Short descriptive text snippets
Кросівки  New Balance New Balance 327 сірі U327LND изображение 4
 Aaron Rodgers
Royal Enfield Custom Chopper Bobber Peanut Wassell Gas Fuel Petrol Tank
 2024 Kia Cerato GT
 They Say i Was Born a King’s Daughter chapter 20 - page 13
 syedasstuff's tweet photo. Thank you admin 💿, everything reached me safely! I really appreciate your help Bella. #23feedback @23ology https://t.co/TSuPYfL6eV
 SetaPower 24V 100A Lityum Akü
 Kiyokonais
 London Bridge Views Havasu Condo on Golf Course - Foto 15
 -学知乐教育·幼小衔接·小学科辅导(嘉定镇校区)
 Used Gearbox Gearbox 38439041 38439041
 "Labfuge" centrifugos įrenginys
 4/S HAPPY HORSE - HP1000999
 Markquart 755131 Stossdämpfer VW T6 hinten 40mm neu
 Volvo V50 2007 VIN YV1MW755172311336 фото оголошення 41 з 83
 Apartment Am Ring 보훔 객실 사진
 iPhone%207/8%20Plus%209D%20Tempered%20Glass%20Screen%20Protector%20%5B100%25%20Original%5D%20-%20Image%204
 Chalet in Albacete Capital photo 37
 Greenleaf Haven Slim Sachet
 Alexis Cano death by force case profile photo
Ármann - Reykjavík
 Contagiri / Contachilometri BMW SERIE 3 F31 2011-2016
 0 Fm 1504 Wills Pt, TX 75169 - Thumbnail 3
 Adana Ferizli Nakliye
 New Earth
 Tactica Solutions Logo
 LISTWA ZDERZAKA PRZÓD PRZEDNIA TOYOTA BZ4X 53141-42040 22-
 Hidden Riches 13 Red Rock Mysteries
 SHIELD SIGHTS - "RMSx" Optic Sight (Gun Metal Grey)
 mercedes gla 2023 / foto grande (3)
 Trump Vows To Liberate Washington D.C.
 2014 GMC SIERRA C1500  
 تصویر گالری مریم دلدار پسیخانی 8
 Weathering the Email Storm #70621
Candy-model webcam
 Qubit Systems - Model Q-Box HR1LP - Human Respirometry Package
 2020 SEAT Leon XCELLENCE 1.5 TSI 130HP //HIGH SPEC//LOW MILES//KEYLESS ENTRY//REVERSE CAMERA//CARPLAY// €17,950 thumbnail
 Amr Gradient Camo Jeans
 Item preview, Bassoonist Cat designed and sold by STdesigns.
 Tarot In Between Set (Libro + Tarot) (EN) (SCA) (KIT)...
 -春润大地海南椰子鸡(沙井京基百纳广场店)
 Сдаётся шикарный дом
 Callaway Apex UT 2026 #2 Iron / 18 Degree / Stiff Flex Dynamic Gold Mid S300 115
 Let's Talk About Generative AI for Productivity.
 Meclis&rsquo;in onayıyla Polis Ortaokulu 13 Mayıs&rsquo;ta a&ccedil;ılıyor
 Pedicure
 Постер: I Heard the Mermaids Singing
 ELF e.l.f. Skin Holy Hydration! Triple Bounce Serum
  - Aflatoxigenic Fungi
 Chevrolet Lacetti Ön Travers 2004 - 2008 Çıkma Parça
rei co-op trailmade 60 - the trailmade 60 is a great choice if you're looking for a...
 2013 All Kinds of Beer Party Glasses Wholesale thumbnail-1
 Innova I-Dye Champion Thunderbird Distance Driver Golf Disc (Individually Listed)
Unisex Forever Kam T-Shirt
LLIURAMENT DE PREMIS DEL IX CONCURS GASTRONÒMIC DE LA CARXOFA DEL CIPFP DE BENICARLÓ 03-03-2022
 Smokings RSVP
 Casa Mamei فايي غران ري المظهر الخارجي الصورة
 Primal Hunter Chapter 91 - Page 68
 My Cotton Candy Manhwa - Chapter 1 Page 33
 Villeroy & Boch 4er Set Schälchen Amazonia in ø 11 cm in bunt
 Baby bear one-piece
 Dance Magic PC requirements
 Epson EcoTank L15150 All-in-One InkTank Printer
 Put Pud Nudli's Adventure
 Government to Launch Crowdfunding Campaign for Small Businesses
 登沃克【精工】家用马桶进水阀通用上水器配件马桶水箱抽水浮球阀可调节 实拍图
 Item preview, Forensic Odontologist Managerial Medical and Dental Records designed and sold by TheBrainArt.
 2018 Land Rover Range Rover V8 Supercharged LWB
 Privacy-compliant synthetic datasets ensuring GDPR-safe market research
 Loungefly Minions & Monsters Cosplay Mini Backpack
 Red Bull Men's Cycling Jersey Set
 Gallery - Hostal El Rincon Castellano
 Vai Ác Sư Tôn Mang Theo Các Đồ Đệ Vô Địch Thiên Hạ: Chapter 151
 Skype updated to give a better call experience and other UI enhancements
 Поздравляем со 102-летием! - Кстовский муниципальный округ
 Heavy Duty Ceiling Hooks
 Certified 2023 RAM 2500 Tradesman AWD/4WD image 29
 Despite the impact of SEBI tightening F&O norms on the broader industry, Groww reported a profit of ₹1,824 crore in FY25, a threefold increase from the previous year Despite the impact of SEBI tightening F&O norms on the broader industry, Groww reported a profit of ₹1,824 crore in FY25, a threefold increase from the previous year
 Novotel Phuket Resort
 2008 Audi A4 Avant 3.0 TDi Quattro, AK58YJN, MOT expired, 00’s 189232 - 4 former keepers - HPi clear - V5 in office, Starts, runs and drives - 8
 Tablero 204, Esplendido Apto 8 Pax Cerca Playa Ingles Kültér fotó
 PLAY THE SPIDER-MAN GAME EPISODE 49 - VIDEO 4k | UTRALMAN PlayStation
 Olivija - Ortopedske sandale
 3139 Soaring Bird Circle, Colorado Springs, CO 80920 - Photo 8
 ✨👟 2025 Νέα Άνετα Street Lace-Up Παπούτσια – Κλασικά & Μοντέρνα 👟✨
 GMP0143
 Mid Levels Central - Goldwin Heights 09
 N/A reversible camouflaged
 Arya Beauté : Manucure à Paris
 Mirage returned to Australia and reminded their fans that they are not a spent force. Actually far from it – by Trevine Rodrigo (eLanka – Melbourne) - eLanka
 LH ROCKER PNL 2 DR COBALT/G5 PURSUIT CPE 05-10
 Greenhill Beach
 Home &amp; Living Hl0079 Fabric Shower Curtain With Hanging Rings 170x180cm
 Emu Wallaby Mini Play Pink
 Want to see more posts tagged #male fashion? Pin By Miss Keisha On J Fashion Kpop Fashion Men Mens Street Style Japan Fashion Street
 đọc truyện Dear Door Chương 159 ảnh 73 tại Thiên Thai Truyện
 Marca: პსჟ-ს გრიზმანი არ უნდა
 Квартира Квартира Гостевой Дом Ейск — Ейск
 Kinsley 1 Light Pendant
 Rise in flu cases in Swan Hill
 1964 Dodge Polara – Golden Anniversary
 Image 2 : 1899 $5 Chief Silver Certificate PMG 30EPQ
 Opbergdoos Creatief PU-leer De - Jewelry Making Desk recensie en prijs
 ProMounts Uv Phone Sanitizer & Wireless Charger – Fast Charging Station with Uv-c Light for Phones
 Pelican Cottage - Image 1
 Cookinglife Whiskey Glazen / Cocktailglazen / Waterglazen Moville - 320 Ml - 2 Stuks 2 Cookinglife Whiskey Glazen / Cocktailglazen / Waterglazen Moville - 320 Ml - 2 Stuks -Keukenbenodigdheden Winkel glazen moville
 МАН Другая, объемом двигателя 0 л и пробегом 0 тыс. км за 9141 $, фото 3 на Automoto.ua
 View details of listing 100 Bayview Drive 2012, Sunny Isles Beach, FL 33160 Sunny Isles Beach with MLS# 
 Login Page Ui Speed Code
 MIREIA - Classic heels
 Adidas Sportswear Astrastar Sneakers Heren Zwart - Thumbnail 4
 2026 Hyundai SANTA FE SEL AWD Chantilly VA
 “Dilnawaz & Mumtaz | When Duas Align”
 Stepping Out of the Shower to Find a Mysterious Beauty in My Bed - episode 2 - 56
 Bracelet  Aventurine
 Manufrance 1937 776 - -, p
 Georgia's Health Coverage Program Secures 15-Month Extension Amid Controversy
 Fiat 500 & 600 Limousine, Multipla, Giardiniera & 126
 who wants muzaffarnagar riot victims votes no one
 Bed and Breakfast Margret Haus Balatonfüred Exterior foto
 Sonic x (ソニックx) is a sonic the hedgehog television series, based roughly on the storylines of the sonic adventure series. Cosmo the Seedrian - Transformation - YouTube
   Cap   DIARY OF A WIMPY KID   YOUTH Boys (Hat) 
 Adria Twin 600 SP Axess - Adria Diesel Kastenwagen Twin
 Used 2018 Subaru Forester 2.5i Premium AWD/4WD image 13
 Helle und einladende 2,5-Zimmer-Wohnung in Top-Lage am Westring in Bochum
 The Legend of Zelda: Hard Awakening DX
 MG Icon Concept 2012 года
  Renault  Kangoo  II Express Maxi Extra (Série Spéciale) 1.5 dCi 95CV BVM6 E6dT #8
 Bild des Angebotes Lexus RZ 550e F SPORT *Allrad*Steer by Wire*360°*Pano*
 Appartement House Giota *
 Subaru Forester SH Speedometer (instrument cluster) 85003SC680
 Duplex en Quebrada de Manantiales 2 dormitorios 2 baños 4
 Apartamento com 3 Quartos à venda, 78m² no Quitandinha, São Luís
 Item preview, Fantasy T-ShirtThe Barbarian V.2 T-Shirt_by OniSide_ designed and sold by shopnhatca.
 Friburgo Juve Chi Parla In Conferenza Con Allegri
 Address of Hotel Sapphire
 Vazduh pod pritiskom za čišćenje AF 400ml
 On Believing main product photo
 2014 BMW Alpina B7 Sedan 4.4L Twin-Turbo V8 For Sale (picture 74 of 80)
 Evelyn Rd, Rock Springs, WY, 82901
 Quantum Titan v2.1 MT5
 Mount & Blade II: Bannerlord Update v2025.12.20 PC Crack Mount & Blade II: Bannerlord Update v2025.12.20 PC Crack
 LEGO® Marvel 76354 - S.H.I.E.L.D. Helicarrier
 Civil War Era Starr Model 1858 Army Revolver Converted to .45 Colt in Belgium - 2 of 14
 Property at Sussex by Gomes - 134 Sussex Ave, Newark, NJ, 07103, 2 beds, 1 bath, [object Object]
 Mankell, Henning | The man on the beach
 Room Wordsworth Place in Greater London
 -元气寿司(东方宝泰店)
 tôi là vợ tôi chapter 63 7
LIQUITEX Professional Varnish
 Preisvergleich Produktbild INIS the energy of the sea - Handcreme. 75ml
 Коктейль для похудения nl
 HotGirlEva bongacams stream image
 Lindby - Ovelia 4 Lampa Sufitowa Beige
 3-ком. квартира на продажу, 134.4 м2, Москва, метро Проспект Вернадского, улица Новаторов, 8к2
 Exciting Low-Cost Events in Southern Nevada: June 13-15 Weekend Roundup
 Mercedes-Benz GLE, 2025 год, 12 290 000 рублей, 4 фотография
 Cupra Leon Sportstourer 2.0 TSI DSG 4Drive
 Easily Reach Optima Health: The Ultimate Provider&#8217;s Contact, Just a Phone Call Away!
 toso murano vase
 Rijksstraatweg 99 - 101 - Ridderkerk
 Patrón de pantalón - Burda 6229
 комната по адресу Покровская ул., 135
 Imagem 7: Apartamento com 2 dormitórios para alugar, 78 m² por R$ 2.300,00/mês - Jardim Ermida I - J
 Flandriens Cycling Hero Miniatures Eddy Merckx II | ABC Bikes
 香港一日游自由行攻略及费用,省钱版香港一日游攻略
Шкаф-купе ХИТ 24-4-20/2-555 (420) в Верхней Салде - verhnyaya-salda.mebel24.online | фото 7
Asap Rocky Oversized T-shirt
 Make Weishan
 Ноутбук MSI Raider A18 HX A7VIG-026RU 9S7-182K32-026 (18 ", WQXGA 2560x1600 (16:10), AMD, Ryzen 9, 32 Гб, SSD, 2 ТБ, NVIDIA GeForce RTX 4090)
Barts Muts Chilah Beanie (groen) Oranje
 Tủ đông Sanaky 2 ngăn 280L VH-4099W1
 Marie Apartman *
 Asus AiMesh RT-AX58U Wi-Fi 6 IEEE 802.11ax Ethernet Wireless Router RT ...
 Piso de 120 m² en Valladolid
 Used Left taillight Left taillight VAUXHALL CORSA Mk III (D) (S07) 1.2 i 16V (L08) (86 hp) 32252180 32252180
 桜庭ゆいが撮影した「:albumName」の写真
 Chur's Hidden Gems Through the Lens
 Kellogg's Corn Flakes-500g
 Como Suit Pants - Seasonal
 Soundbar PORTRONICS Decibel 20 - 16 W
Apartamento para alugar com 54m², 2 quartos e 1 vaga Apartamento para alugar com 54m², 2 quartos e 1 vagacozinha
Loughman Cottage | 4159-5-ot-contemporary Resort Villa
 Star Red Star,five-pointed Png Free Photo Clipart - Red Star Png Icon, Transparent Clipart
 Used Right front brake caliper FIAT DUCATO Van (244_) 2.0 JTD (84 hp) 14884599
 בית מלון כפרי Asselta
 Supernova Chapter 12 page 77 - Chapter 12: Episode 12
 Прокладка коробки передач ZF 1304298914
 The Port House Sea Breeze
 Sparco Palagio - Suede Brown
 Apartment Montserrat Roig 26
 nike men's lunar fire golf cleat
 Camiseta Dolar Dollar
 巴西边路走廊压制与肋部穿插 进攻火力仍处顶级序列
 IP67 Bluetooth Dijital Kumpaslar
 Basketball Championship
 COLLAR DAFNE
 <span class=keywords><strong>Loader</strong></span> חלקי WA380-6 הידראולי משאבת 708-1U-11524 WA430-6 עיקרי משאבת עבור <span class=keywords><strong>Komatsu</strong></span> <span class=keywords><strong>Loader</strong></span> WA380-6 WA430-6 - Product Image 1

**BRIEF**
Write out the lines above from the one containing "Прокладка коробки передач ZF 1304298914" through the last, exactly as they are.

**TASK OUTPUT**
 Прокладка коробки передач ZF 1304298914
 The Port House Sea Breeze
 Sparco Palagio - Suede Brown
 Apartment Montserrat Roig 26
 nike men's lunar fire golf cleat
 Camiseta Dolar Dollar
 巴西边路走廊压制与肋部穿插 进攻火力仍处顶级序列
 IP67 Bluetooth Dijital Kumpaslar
 Basketball Championship
 COLLAR DAFNE
 <span class=keywords><strong>Loader</strong></span> חלקי WA380-6 הידראולי משאבת 708-1U-11524 WA430-6 עיקרי משאבת עבור <span class=keywords><strong>Komatsu</strong></span> <span class=keywords><strong>Loader</strong></span> WA380-6 WA430-6 - Product Image 1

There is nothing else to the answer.